Las recientes intervenciones de la ministra vocera de gobierno, Camila Vallejo, donde interpela al candidato José Antonio Kast, han encendido las discusiones sobre los límites de la prescindencia o intervencionismo.
La ministra, en distintas ocasiones, ha sido incapaz de reprimir sus opiniones personales, malversando su poder como portavoz del gobierno chileno para, incluso, denostar la trayectoria del candidato opositor. Con todo, esta actitud de Vallejo no es aislada. De hecho, forma parte de una generación política que desconoce los límites de su persona y el cargo que detentan. La conducta de la vocera de gobierno, si bien es, sin duda, más grave, no se distancia totalmente del postureo gubernamental del que abusa la mayor parte del Frente Amplio. Por ejemplo, que el Presidente suba una foto a sus redes vomitado por su hija, se inspira en los mismos impulsos que le impidieron avergonzarse de publicar fotos en el cerro en horario laboral o de postear el relato sentimental del quiebre con su expareja, como si esto fuese un asunto de Estado.

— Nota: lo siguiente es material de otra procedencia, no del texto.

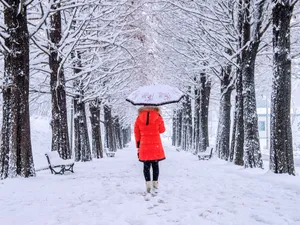 METEO Avertisment de ultimă oră al meteorologilor: polei, ninsori și vânt puternic în toată țara - Foto: freepik.com (rol ilustrativ)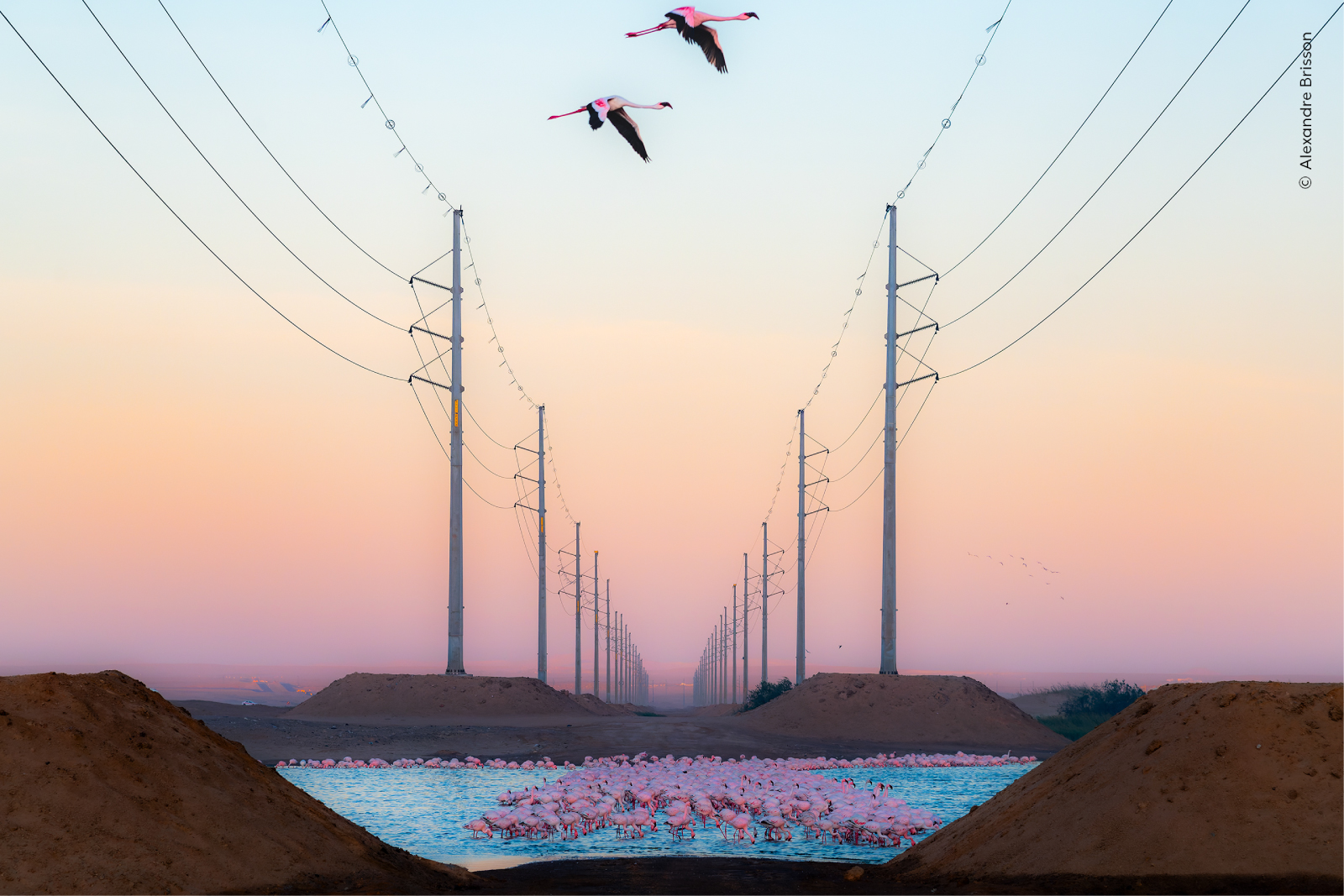 Flamingos gather in a water basin beneath power lines at sunset as two birds fly overhead in a pastel sky.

Estos tres ejemplos pueden carecer de relevancia real, pero se inspiran en fundamentos similares que lleva a estas autoridades a malinterpretar su posición como autoridad de gobierno, al servicio del país y no al revés.
Hace unos años, me vi en una situación similar de intentar analizar al oficialismo desde una perspectiva más profunda. Para ello, me serví de la obra del antropólogo, Marcel Danesi, titulada Forever Young. En ella, Danesi describe el síndrome colectivo de extender la adolescencia a edades avanzadas. Estos son sujetos que le exigen al mundo cada vez más, pero que lo entienden cada vez menos. De esta forma, se configuran como una generación que, tarde o temprano, termina con una sensación de inutilidad y de total distorsión, donde “quienes toman las decisiones cruciales suelen ser individuos con valores adolescentes”.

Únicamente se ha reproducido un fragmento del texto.